"Per soli uomini" di Elisabetta Sgarbi |
Mariuccia Ciotta
I tre uomini, Gabriele, Claudio e
Giorgio detto il “Bertinotti”, sentinelle del microcosmo Ca'
Pisani, si scambiano parole in codice, allusioni in gergo e battute
ironiche sul “fuori”, lo spazio dei comuni mortali che non sanno
cosa succede di giorno e di notte nel labirinto popolato da “mostri”
guizzanti di cui sono gli dei protettori. Il luogo è off-limits, una
specie di Grotta di Chauvet con i suoi dipinti preistorici filmati da
Werner Herzog, sito prezioso di una realtà evanescente. Non a caso
il delta del Po è stato proclamato patrimonio dell'Unesco, e proprio
mentre il film usciva nelle sale, distribuito da Istituto Luce Cinecittà, in questi giorni d'estate, dopo il
passaggio al Festival di Roma 2014 (e in attesa del dvd).
Gabriele Levada |
G
Sinfonia di natura e nostalgia, Per
soli uomini può dirsi un documentario poetico su musiche solenni
di Franco Battiato, film abbinato a Il pesce siluro è innocente
sotto il titolo Due volte Delta, al quale seguirà Il pesce
rosso dov'è? a chiudere il trittico, omaggio di Elisabetta
Sgarbi al fiume amato e ricorrente nelle sue opere dalla vocazione
pittorica. Ma nell'incanto di questa zona a parte e dei suoi
allevatori solitari si muove quel cinema che fa convergere il reale
con il suo doppio fantasmatico e rompe i confini tra documento e
narrazione. Osservare diventa allora un esercizio di forza
nell'avvicinarsi al soggetto per smascherarne la sostanza politica,
come accade nei lavori a distanza ravvicinata di Gianfranco Rosi e
nell'ultimo ibrido di Roberto Minervini, Louisiana, presentato
a Cannes 2015, amorevole “fotografia” di una violenta comunità
di marginali del Texas suprematista bianco.
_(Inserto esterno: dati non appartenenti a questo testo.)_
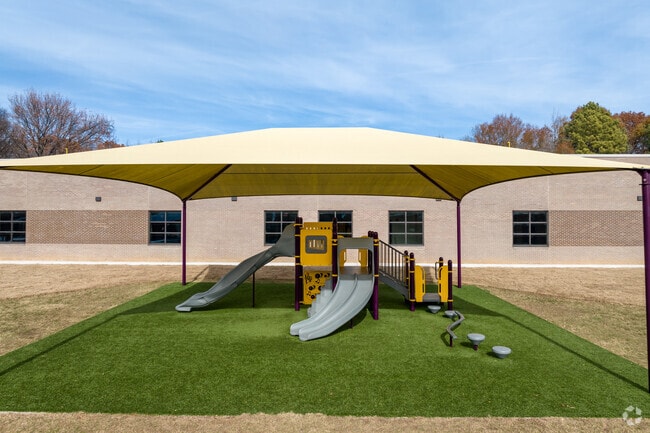 Kids can stay cool on the shaded  playground at Geeter School in Memphis.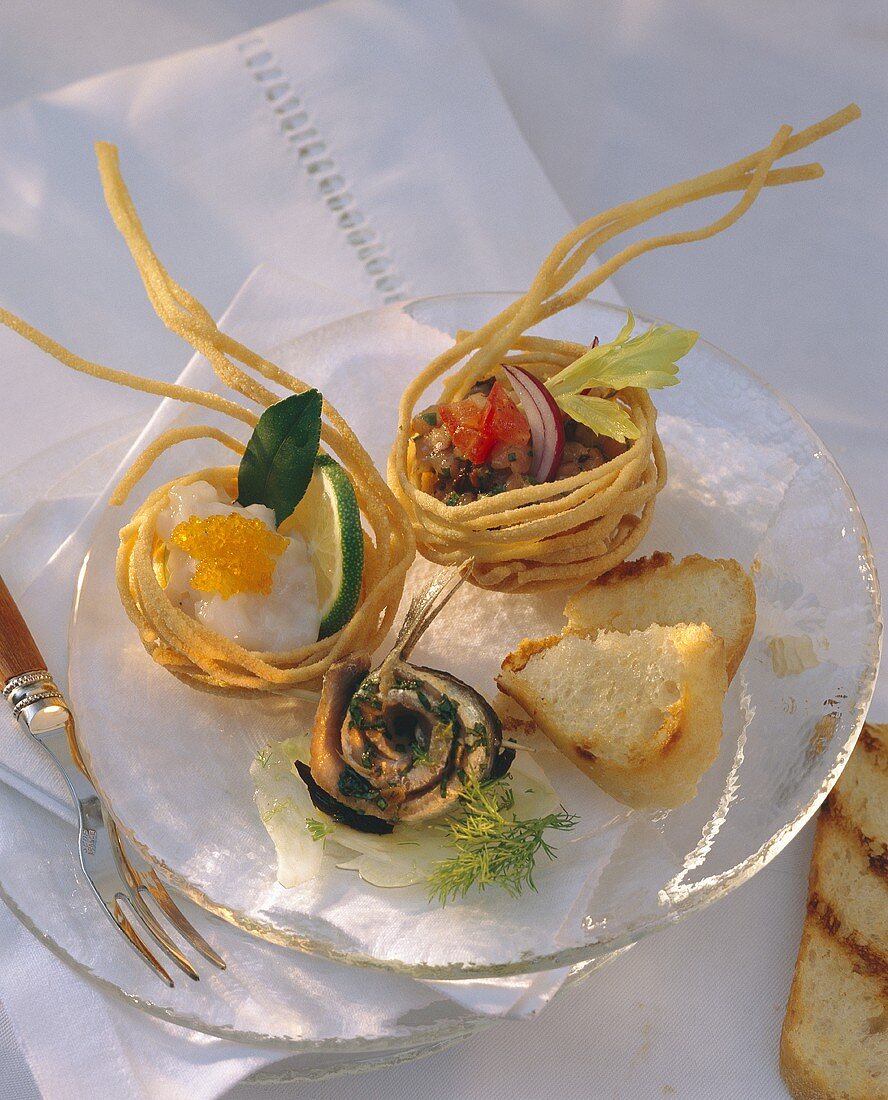 Stuffed fried linguine baskets and marinated sardines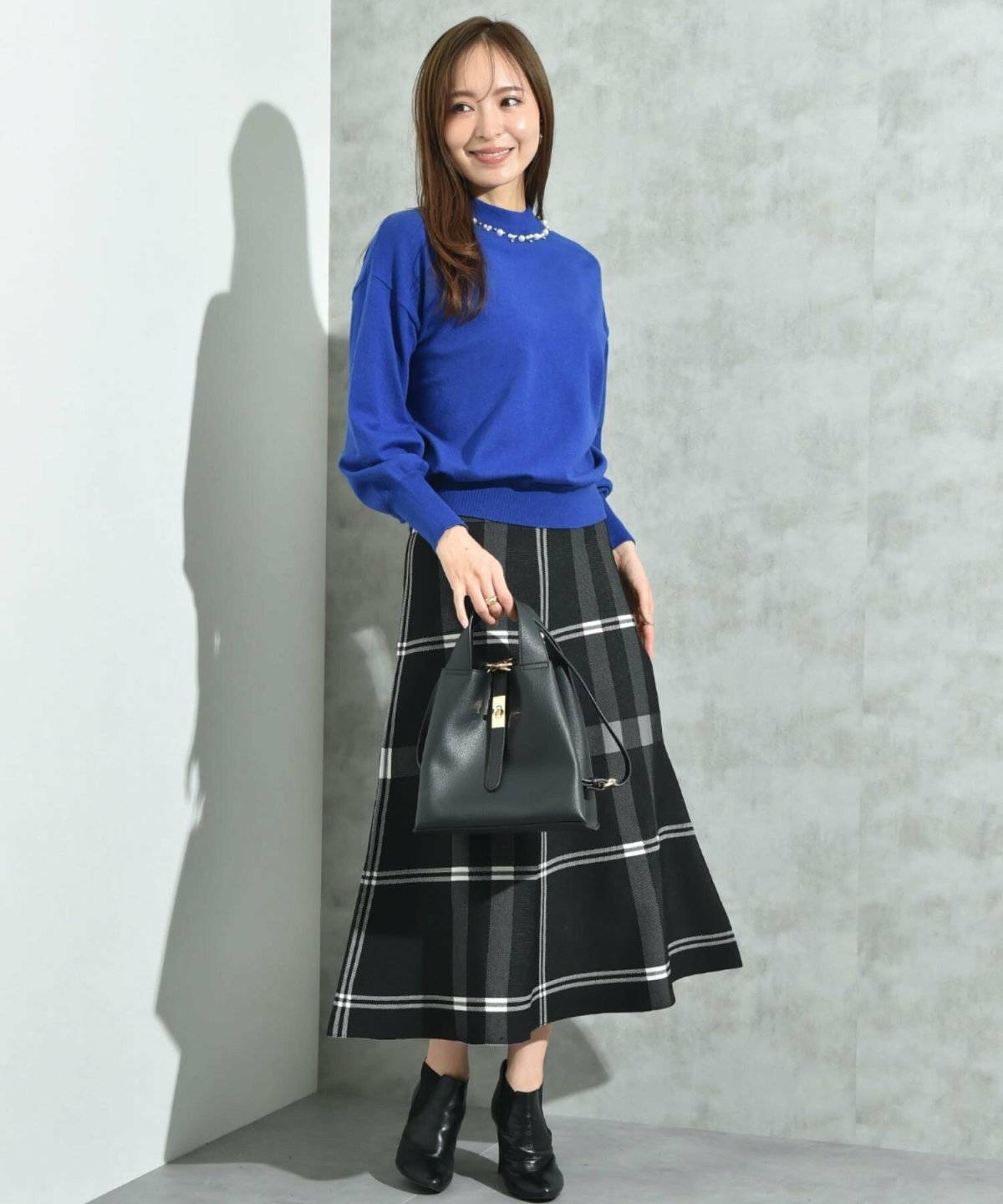ニットにチェック柄スカートを合わせた女性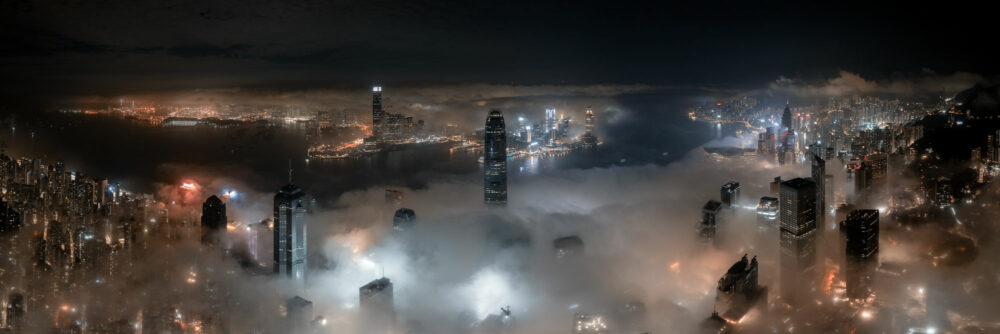 Aerial panorama print of the Hong Kong skyline lost amongst a sea of low clouds at night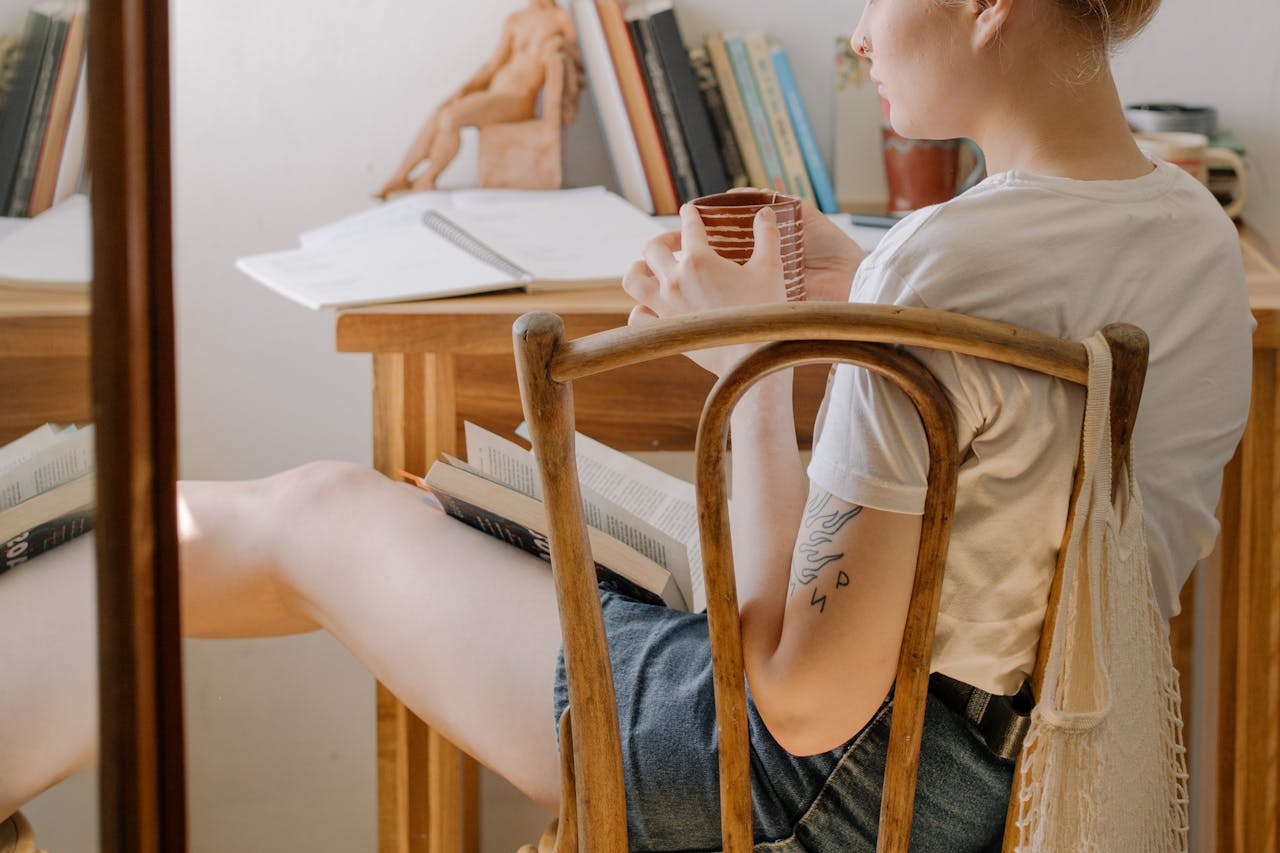 A university student relaxing with a book and a cup of coffee in a cosy dorm room, enjoying some quiet time as one of many affordable treats on a student budget.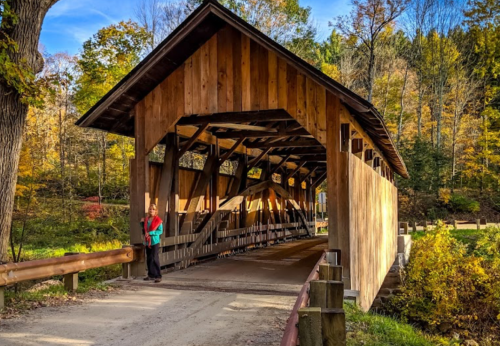 A person stands near a wooden covered bridge surrounded by autumn foliage and trees.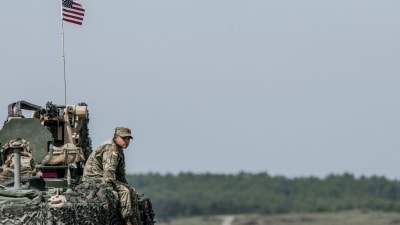 En amerikansk soldat sitter på ett pansarfordon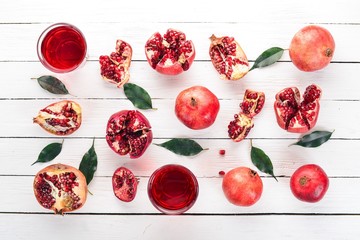 Fresh pomegranate juice. Pomegranate. On a white wooden background. Top view. Copy space.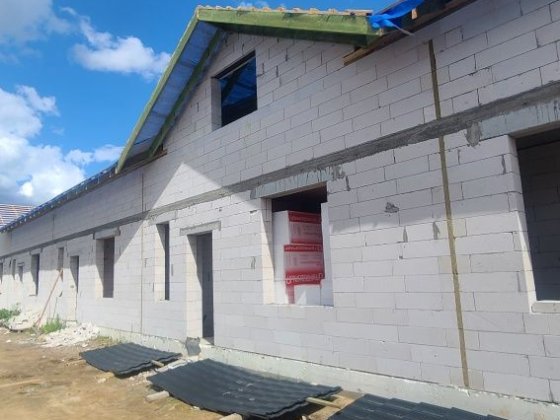 Продам таунхаус в Гостомелі в центрі біля Озера.Ціна від забудовника .Пограми ТАК
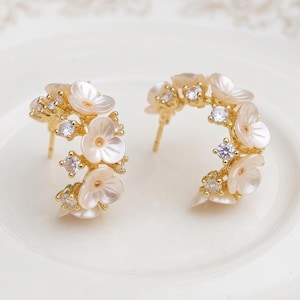 Peut inclure: Une paire de boucles d'oreilles créoles dorées ornées de petites fleurs blanches et de pierres transparentes scintillantes. Les boucles d'oreilles présentent une forme semi-circulaire avec un fermoir à tige, formant un arrangement floral.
L'arte danzante dei tre “pescatori”
in bilico sui bordi delle piscine coperte, il talento nel sentire il
vento e il sapore dell'acqua, troppo fredda, troppo calda, e la
conversazione con le creature del Po - avete mangiato abbastanza? -
si muta in una titanica lotta tra vita e morte comprensiva di uomini,
pesci e il territorio circostante che tocca il delta di tutti i
fiumi. Cormorani e gabbiani non sono più decorazioni nel cielo ma
feroci predatori pronti a lanciarsi sul popolo squamoso, difeso dai
guardiani coraggiosi ma destinato a galleggiare, riverso in
superficie, al momento della pesca.
Gabriele, il leader, torreggia, divo da
cinema peplum, e guida la brigata in ambienti incrostati di fango,
ruggine, reti disfatte, congegni per impacchettare conchiglie in uno
sforzo muscolare al limite. Il lavoro, ecco, si vede e macina
fotogrammi neanche fossimo alla catena di montaggio di Tempi
moderni.
“Duro lavoro sul fiume”, direbbe divertito Manoel de
Oliveira quando un giornale gli storpiò il titolo, Douro, lavoro
fluviale, e dal 1931 a oggi l'eco rimane nel corpo a corpo con la
fabbrica liquida. Gli uomini soli si esibiscono nella
meraviglia del non-spettacolo, è quel che fanno davvero nella loro
valle nascosta. Vertigine, sensazione di assistere a un rituale
segreto. E' la fatica di misurarsi con l'aggressione all'equilibrio
instabile di un luogo anche mentale che si vorrebbe residuale mentre
è creativo e immaginifico. Il Po segno di libertà e di invenzioni,
innocente come il pesce siluro, meno vorace e mortale dei veleni
riversati in acqua, “le ferite vengono dagli scarichi industriali”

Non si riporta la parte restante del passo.